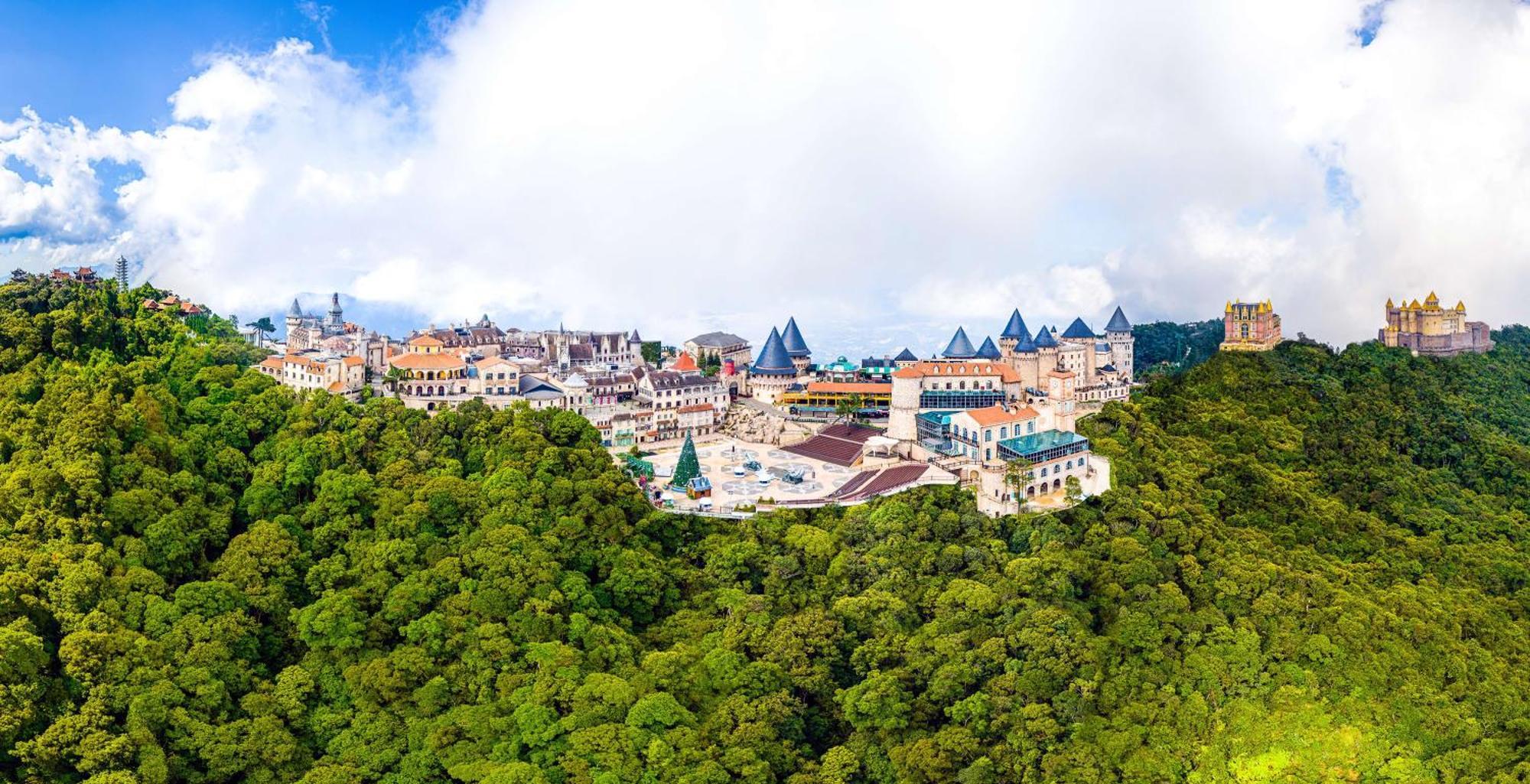 Mercure French Village Bana Hills Hotel 4*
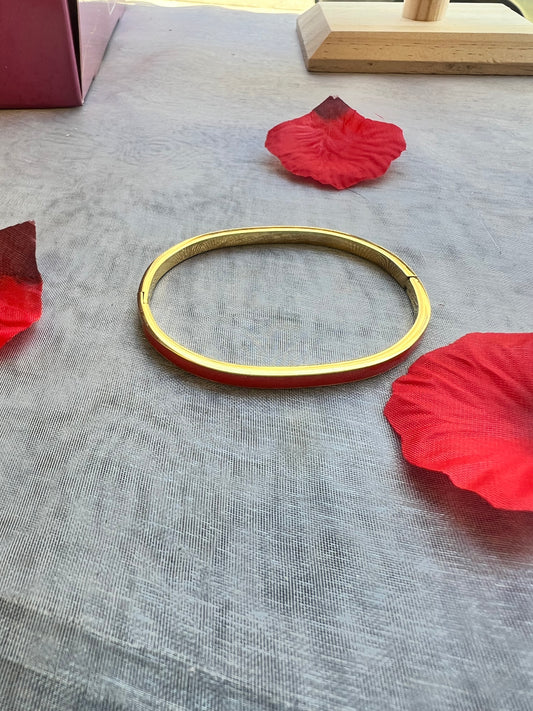 Bracelet, contour rouge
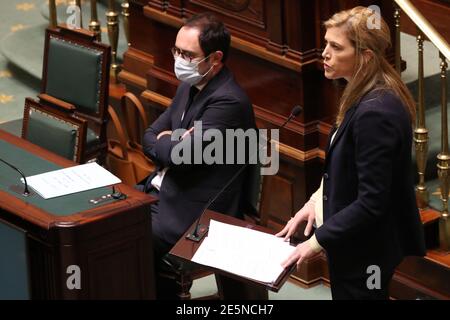 Justizminister Vincent Van Quickenborne und Innenministerin Annelies Verlinden Im Bild während einer Plenarsitzung des Plenarsaals im Federal Par Stockfoto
--
(Work required) Print, please, exactly the lines from the one holding "Bracelet, contour rouge" through the final line of the data, both included, while leaving out each picture.

(Answer to this exercise)
 Bracelet, contour rouge
 Justizminister Vincent Van Quickenborne und Innenministerin Annelies Verlinden Im Bild während einer Plenarsitzung des Plenarsaals im Federal Par Stockfoto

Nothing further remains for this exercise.